GDPR: the action brought by WhatsApp Ireland against Binding Decision 1/2021 of the European Data Protection Board is admissible
GDPR: the action brought by WhatsApp Ireland against Binding Decision 1/2021 of the European Data Protection Board is admissible
11 February 2026
The Court of Justice of the European Union has ruled that a binding decision of the European Data Protection Board (EDPB) settling a dispute between several national supervisory authorities concerning whether a data controller has infringed the General Data Protection Regulation (GDPR) and, if that is the case, as appropriate, to amend the corrective measures envisaged against that controller constitutes an act open to challenge before the Courts of the European Union.

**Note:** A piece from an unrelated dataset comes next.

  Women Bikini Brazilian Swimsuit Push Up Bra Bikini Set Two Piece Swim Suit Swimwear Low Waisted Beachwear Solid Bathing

That decision emanates from an EU body and is intended to produce legal effects vis-à-vis third parties. In addition, in the present case, the Court holds that the decision at issue is of direct concern to WhatsApp Ireland Ltd (‘WhatsApp’). Since WhatsApp’s action for annulment is admissible but the General Court of the European Union has not yet examined the merits of the case, the Court sets aside the order under appeal and refers the case back to the General Court.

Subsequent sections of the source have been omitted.